Document Type

Article

Publication Date

1-2005

Keywords

Death penalty, Capital punishment, Death row populations, Racial hierarchy in death sentence rates, Empirical legal studies, Death row demography

Disciplines

Applied Statistics | Criminal Law | Law and Society

Abstract

The number of murders in a state largely determines the size of a state's death row. The more murders, the larger the death row. This fundamental relation yields surprising results, including the newsworthy finding that Texas's death sentencing rate is not unusually high. Recent state-level research also underscores the importance of race in the demography of death row. Death penalty research has long emphasized race's role, and with good reason--a racial hierarchy exists in death sentence rates. Black defendants who murder white victims receive death sentences at the highest rate; white defendants who murder white victims receive death sentences at the next highest rate, and black defendants who murder black victims receive death sentences at the lowest rate. Two race-based tendencies appear to foster this hierarchy: prosecutors' reluctance to seek or impose death in cases involving black defendants and black victims, and their eagerness to do so in cases involving black defendants and white victims. County-level analysis should help further illuminate death row's demography. Prosecutors who decide whether to seek the death penalty, and jurors who decide whether to impose it, are selected at the local, usually county, level. This Article explores the factors that may affect counties' contributions to death row.

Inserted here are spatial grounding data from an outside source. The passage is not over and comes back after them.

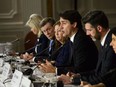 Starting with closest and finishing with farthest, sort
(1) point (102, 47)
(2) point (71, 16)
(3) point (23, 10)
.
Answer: (1) point (102, 47) < (2) point (71, 16) < (3) point (23, 10)

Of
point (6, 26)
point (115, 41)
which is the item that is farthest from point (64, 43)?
point (6, 26)

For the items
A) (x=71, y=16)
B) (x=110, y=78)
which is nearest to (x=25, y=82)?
(x=110, y=78)

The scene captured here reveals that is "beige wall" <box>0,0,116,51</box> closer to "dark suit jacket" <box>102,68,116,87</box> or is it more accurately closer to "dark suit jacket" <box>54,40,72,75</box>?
"dark suit jacket" <box>54,40,72,75</box>

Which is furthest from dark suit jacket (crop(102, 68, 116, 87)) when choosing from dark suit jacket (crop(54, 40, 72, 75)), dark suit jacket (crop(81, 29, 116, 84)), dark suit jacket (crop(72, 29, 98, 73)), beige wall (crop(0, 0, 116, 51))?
beige wall (crop(0, 0, 116, 51))

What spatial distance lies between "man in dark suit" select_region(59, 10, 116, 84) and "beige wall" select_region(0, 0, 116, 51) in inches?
120

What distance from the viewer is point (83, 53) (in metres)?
2.75

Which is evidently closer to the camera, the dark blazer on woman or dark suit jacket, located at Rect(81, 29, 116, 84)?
dark suit jacket, located at Rect(81, 29, 116, 84)

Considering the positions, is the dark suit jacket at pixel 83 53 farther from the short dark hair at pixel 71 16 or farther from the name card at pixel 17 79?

This Article finds that, in addition to the number of murders, at least three other demographic factors influence the death sentence rate at the county level. The rate of death sentences decreases as a county's black population percent increases, as a county's per capita income increases, and as a county's homicide rate increases. More detailed study of black defendant-black victim cases suggests that the population percent effect is not merely an artifact of such cases comprising a higher portion of murders in minority communities. Even within the class of black defendant-black victim murder cases, the death sentence rate decreases as a county's black population percent increases.

Publication Citation

Published in: Cornell Law Review, vol. 90, no. 2 (January 2005).